Había una vez en algún lugar, una pequeña gran persona llamada María Cristina Asunción Irasema Hilda Claudia Estefanía Filomena Patricia Dalia del Bosque Rojas. Pero todo el mundo le decía: Séfira.



Séfira era una muchachita de entre 5 y 80 años, chaparrita y de buen carácter. Sus amigas eran niñas-mujeres más o menos de su edad que vivían en casas cercanas a la suya, y a veces cuando querían iban a la escuela, al igual que Séfira.



Pasa que una vez habían quedado para dormir todas juntas en la casa de Séfira. Las mamás habían llevado conejos, gatos, borregos, camellos y muchos animales más para que se cubrieran, y como pasa en cualquier casa a la mañana siguiente los animales vuelven a hacer sus cosas y las niñas las suyas, sin mayor complicación.



Acompañadas de la brillante luna se pusieron a platicar sobre las galletas sabor a delicia con forma de caca de perro de la pastelería Juana, y de cómo en cambio para nada les gustaban las albóndigas de soya, que saben a soya por más forma de corazón contento que tengan. Ya bien de noche todas muy juntas con sus camisones puestos se quedaron acostaditas en sus colchones.
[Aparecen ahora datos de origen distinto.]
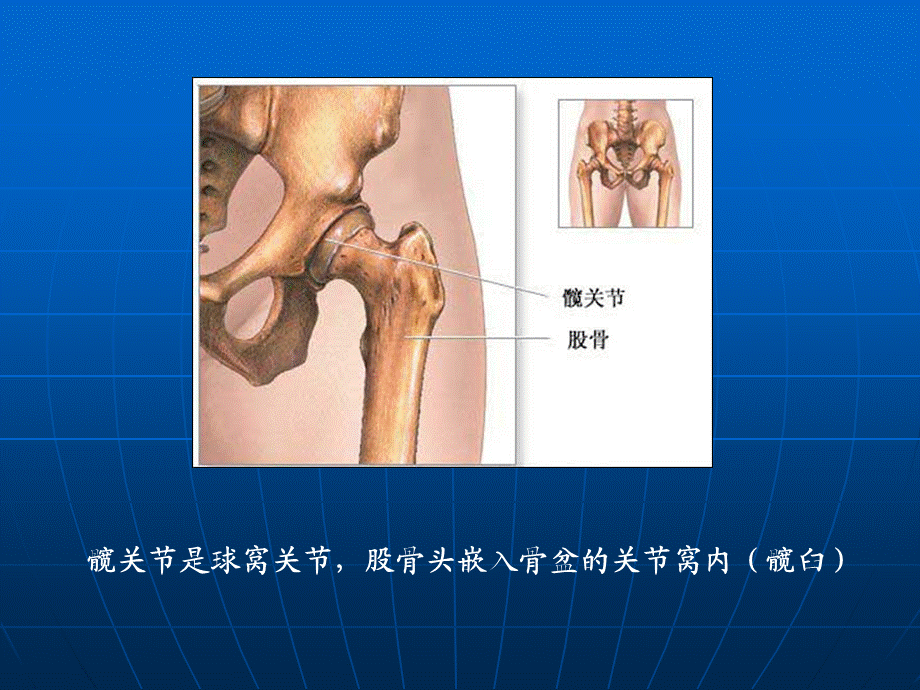 全髋关节置换术后康复训练修订版摘要.ppt_第3页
Acompañadas de la brillante luna se pusieron a platicar sobre las galletas sabor a delicia con forma de caca de perro de la pastelería Juana, y de cómo en cambio para nada les gustaban las albóndigas de soya, que saben a soya por más forma de corazón contento que tengan. Ya bien de noche todas muy juntas con sus camisones puestos se quedaron acostaditas en sus colchones.


Séfira se quedó dormida al último. Comenzó a soñar que era un león corriendo en la luna, que se echaba en tobogán panza de cocodrilo al río, que desde hacía tres sueños iba arrastrado una nube en el zapato. Soñaba también con galletas en forma de triángulo, redondas o cuadradas, que no le gustaban porque sabían a algo que le recordaba a plástico morado. Soñó y soñó como las grandes.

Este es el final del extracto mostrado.